F.R. Rosendaal, Department of Clinical Epidemiology, Leiden University Medical Center, C9-P, PO Box 9600, NL-2300 RC Leiden, the Netherlands. Tel.: +31 71 526 4037; fax: +31 71 526 6994; e-mail: email@example.com
Summary. Deep venous thrombosis is a multicausal disease, i.e. more than one risk factor needs to be present to cause the disease. Oral contraceptive use increases the risk of venous thrombosis but since not all women using oral contraceptives develop thrombosis, the presence of additional risk factors in patients is likely. The aim of this study was to assess the joint effect of oral contraceptive use and the levels of procoagulant factors (F)(FII, FV, FVII, FVIII, FIX, FX, FXI, FXII, FXIII and fibrinogen). Data of premenopausal women were re-analyzed in the Leiden Thrombophilia Study. The highest relative risks were observed for the combination of oral contraceptive use and high levels (>90th percentile) of FII (Odds Ratio [OR]OC+FII 10.1; 95% confidence interval [CI] 3.5–29.0), FV (OROC+FV 12.6; 95% CI 3.8–41.5), and FXI (OROC+FXI 11.9; 95% CI 3.6–39.2) and low levels (< 10th percentile) of FXII (OROC+FXII 12.3; 95% CI 2.4–63.0). No interaction was observed between oral contraceptive use and high levels of the other coagulation factors, i.e. the joint effect of these risk factors did not exceed the sum of the separate effects. The results of this study indicate that the risk for the joint effects of oral contraceptive use and coagulation factor levels are minor compared with the joint effect of oral contraceptive use and the FV Leiden mutation (RR > 30).
The use of oral contraceptives is associated with a 3–6-fold increased risk of venous thrombosis (VT) [1–4]. Risk factors for VT can be divided into acquired and genetic risk factors. In addition to oral contraceptive (OC) use, examples of acquired risk factors include surgery, immobilization, trauma, pregnancy, puerperium, and lupus anticoagulant. Genetic factors that predispose to VT are protein C , protein S  and antithrombin deficiency , factor (F)V Leiden  and the prothrombin 20210A mutation .
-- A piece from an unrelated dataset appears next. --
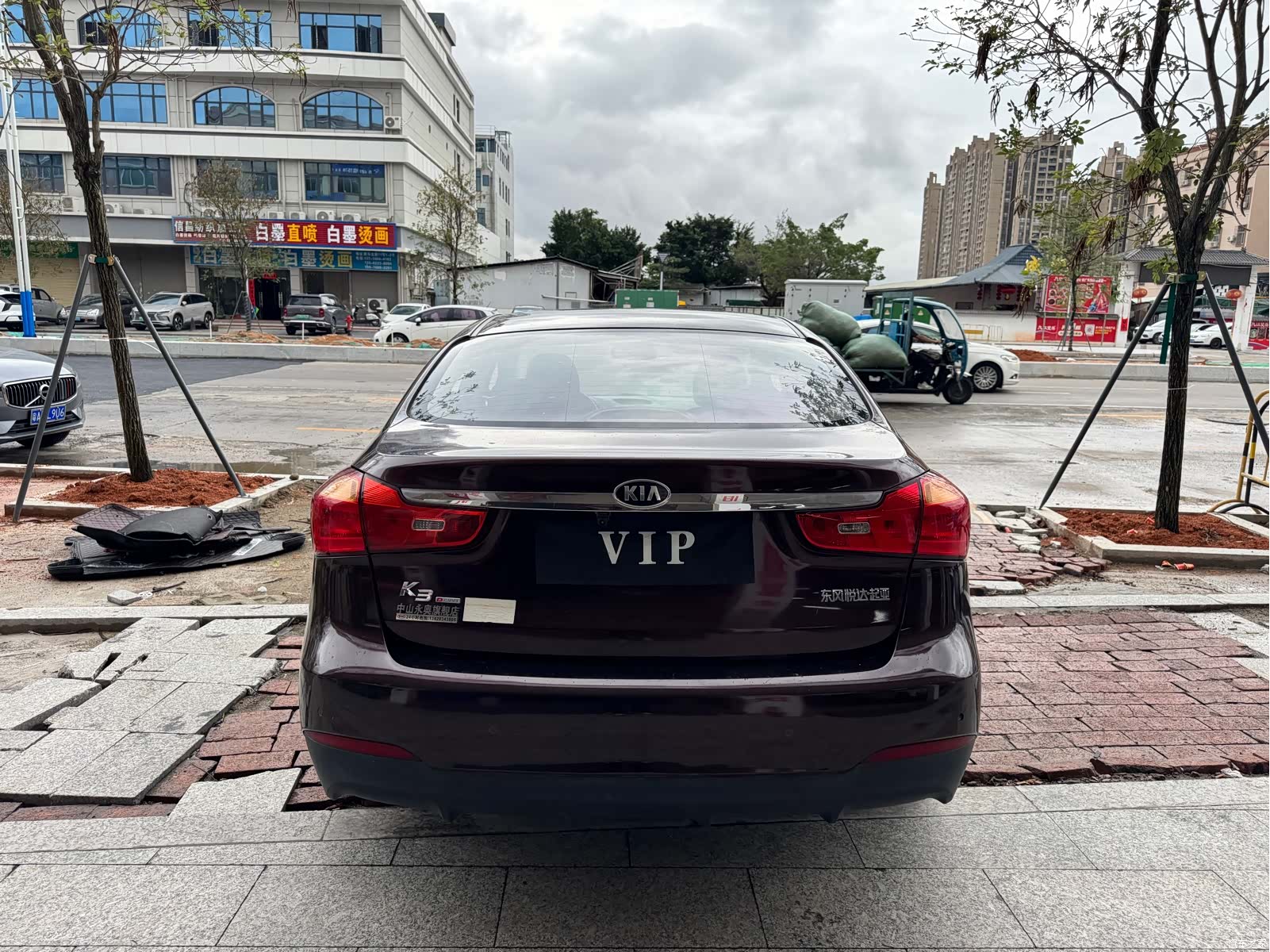 Kia K3, 2016 17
The multicausal character of deep venous thrombosis (DVT) has been illustrated previously [10–12]. In order to trigger a venous thrombotic event, several risk factors need to be present simultaneously within one individual. Not all women using OCs develop VT, which implies that women using OCs who develop VT are likely to have an additional risk factor. This became clear in women who used OCs and carried the FV Leiden mutation. These women have a > 30-fold increased risk of VT, which is considerably higher than would be expected based on the effects of FV Leiden and OC use separately [1,13,14]. A synergistic effect, but less striking, was also reported between OC use and the prothrombin 20210A mutation [13,14].
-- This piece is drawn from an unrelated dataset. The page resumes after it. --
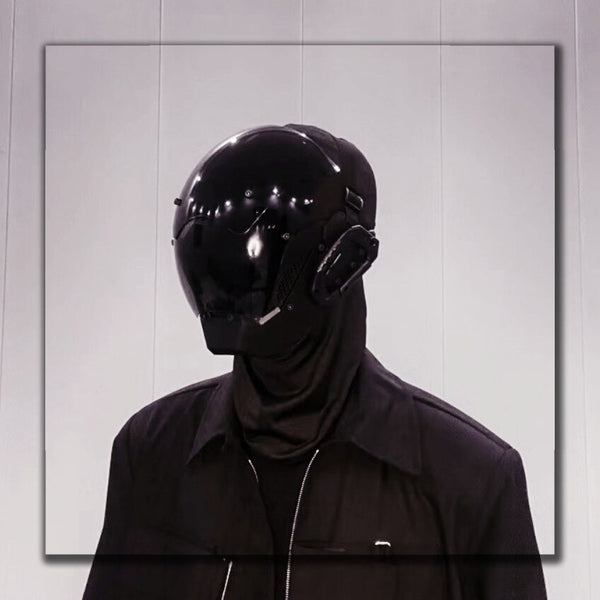 Unmasking the Future: The Influence of Cyberpunk Helmet and Futuristic Fashion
More recently it was shown that, besides high levels of prothrombin, high levels of coagulation FVIII, FIX and FXI were associated with an increased risk of VT [15–17]. High levels of FX were associated with a mildly increased risk of VT mainly in women not using OCs . The molecular basis of these abnormalities is still unknown. The prevalence in the general population of high levels of these coagulation factors depends on the cutoff points that are applied. Levels of FVIII, FIX and FXI in the upper 10% of the distribution (by definition present in 10% of the population) are associated with a 2–3-fold increased risk of VT [15–17].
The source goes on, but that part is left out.